El Diccionario de la lengua española de la RAE, en su revisión de 2017, todavía no reconoce la palabra «ferragosto». Lástima. Es un término italiano para describir el 15 de agosto y, por extensión, los días centrales del mes. En su origen, era la «Feriae Augusti», para honrar al emperador Augusto. Traducido el latinajo con cierta liberalidad, «el reposo de Augusto» queda como «las vacaciones de agosto». Los romanos, en efecto, se tomaban unos días de vacaciones y aprovechaban para organizar carreras de caballos —en Siena todavía corren el Palio el 16 de agosto—, bañarse en los ríos o dedicarse a holgazanear. En su modalidad católica, el ferragosto se hizo coincidir con la festividad de la Virgen María, porque la costumbre de tomarse el día de fiesta estaba ya demasiado arraigada y no iban a quitarla.

Pero fue Mussolini, en los primeros años del fascismo, el que convirtió el ferragosto en un verdadero fenómeno de masas. El fascismo italiano ofrecía paquetes de ferragosto para irse de vacaciones al mar o la montaña a precios irrisorios, durante los días centrales del mes de agosto, con la intención de ganarse a las clases populares. La costumbre arraigó y todavía persiste. Con el ferragosto fascista nace esa imagen de Roma achicharrada por el sol, extrañamente desierta y silenciosa, la Ciudad en ferragosto. Asoma entonces un turista despistado, que cree morir de calor y suplica por un poco de sombra.
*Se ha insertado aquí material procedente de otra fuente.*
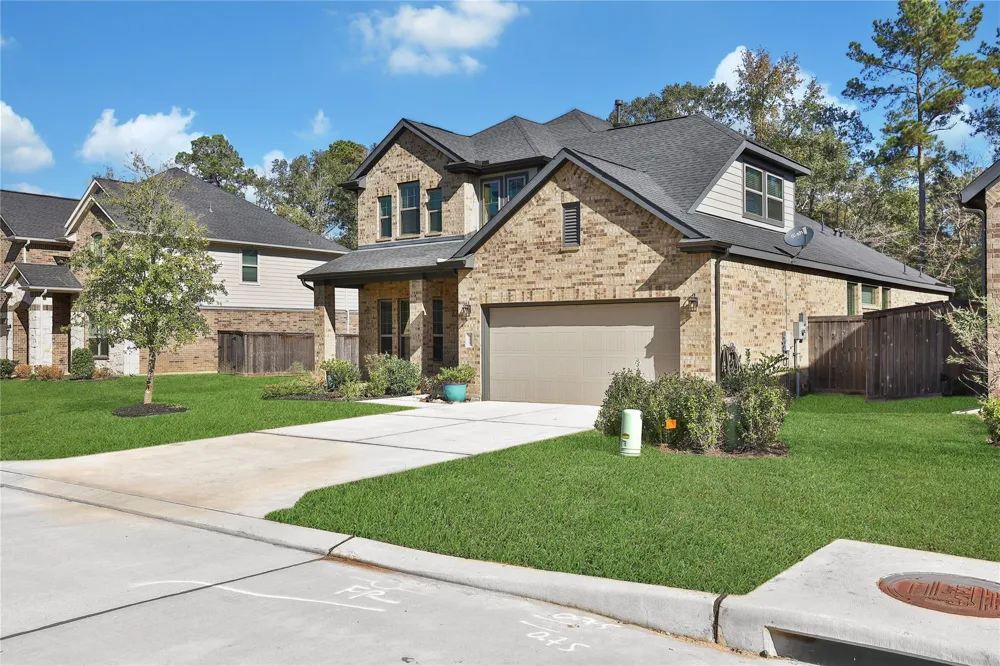 128 Yellow Perch Way Willis, TX 77318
Se dan escenas semejantes en Barcelona, que se ha convertido en un destino turístico de masas. El escenario es extremo en los fines de semana de ferragosto, cuando se concentra toda la fauna urbana en los alrededores del circo de Gaudí y el resto de la ciudad se muestra desalmado, vacío de almas.

Si usted es un naturalista aficionado, puede entonces armarse de valor y asomarse a ver. Busque un edificio de Gaudí y observe el percal. Los guiris forman una muchedumbre políglota, universalmente calzada con chanclas y colorada como una gamba cocida. El guiri es una especie migratoria que pasa unos pocos días en la ciudad, consume ingentes cantidades de sangría y crema de protección solar, celebra con gritos nocturnos de apareamiento su condición y tal como ha venido, se va. Deja detrás de sí dinero y molestias. Hace unos años esgrimían cámaras fotográficas, pero hoy se las apañan con el esmarfón y han adquirido la costumbre de hacerse selfis, no se sabe muy bien por qué, porque, con esa jeta colorada, sudorosa y congestionada, no creo yo que vayan a quedar como para verse.

Los que cerca de un edificio de Gaudí no miran para arriba e intentan abrirse paso entre los guiris son o bien barceloneses o bien carteristas. Podrían ser ambas cosas a un tiempo, ojo. Los primeros, los barceloneses, parecen acalorados y fastidiados, porque tienen que comerse el ferragosto en Barcelona y no pueden hacer el guiri en cualquier otra parte. Los segundos, en cambio, tropiezan constantemente con los guiris y en ese acto meten mano a las bolsas ajenas y hacen su agosto.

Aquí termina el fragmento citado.